Instructions to follow:
Each line from the one containing "Сколько цапель на" to the last line of the listing below is to be duplicated exactly, and no picture is to be carried over.
### Supplied data
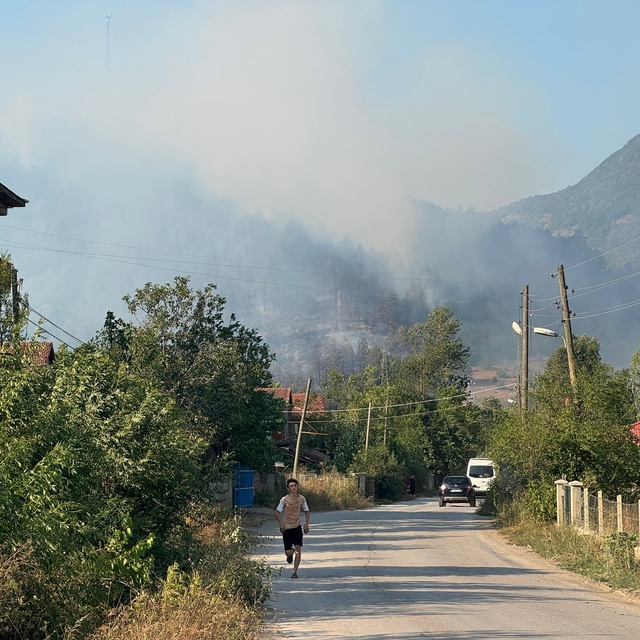 Bartın'da ormanlık alanda çıkan yangına müdahale ediliyor
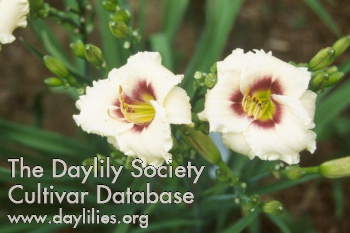 Daylily Snowy Eyes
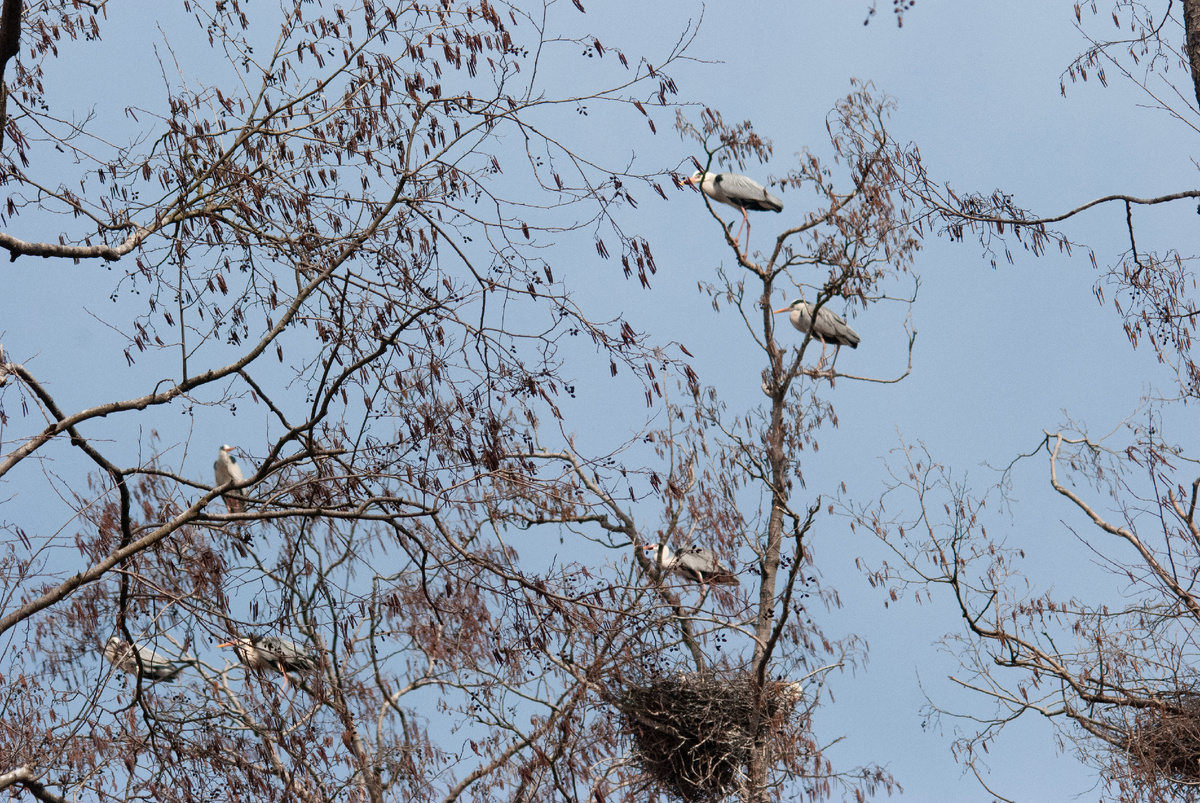 Сколько цапель на фото? (ответ в следующей фотографии)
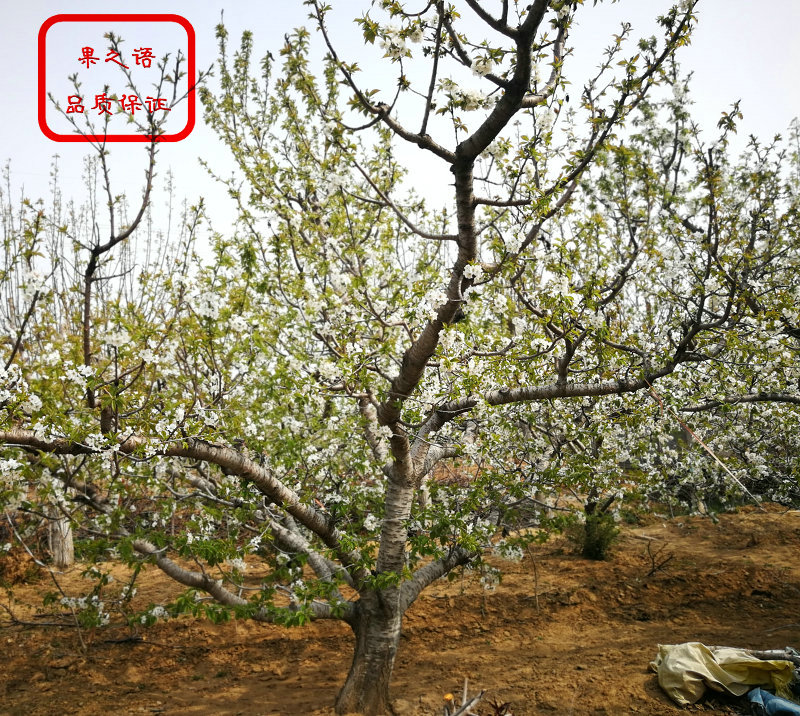 山西长治泰彤樱桃树种类繁多质优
######
Written answer:
 Сколько цапель на фото? (ответ в следующей фотографии)
 山西长治泰彤樱桃树种类繁多质优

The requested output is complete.